--- Dataset content ---

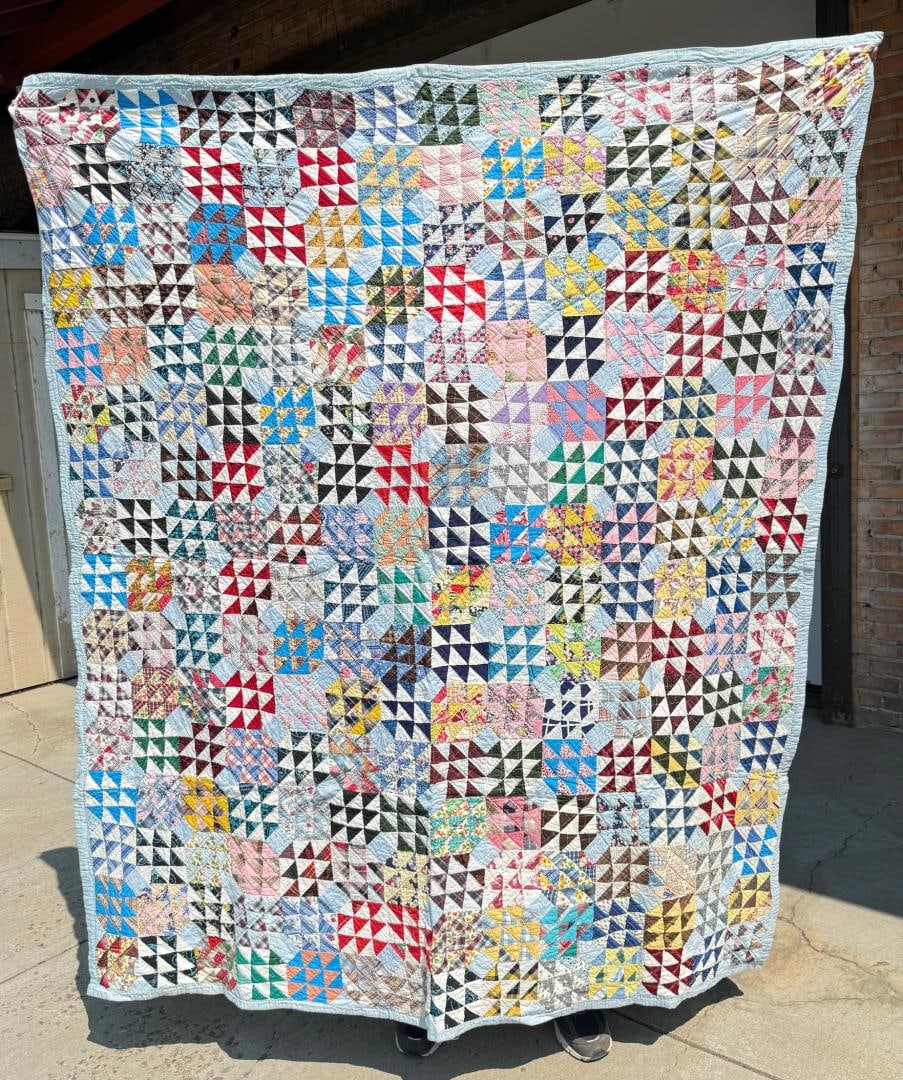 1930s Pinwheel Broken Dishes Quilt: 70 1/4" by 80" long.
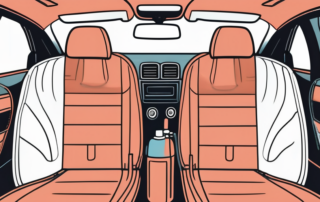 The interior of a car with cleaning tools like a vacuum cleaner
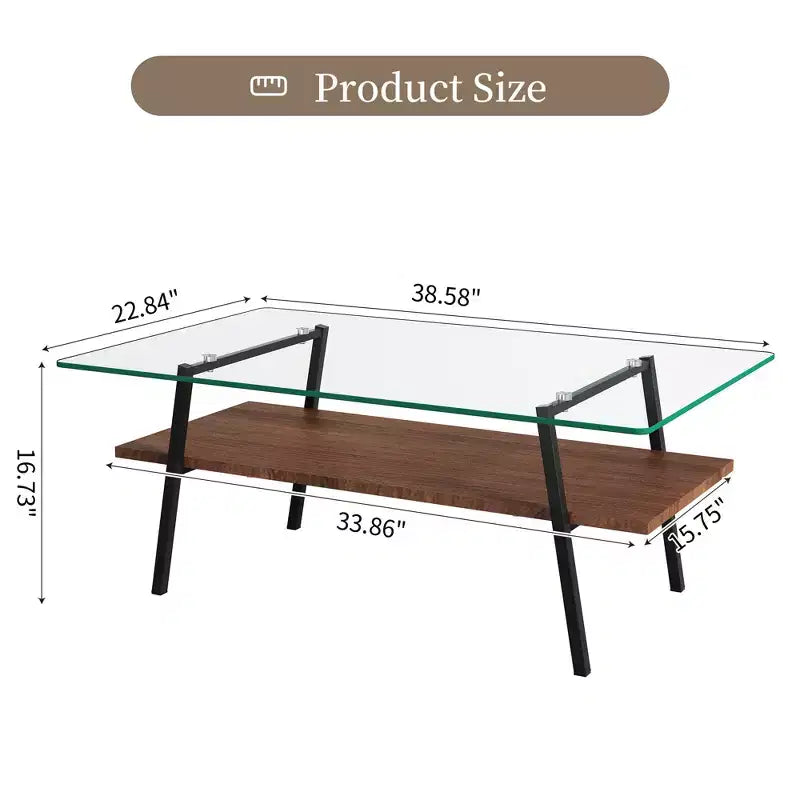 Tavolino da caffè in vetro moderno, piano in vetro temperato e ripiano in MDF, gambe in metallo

---

### Your assignment
Provide a precise transcription of the listing, excluding each picture.

### Solved problem
 1930s Pinwheel Broken Dishes Quilt: 70 1/4" by 80" long.
 The interior of a car with cleaning tools like a vacuum cleaner
 Tavolino da caffè in vetro moderno, piano in vetro temperato e ripiano in MDF, gambe in metallo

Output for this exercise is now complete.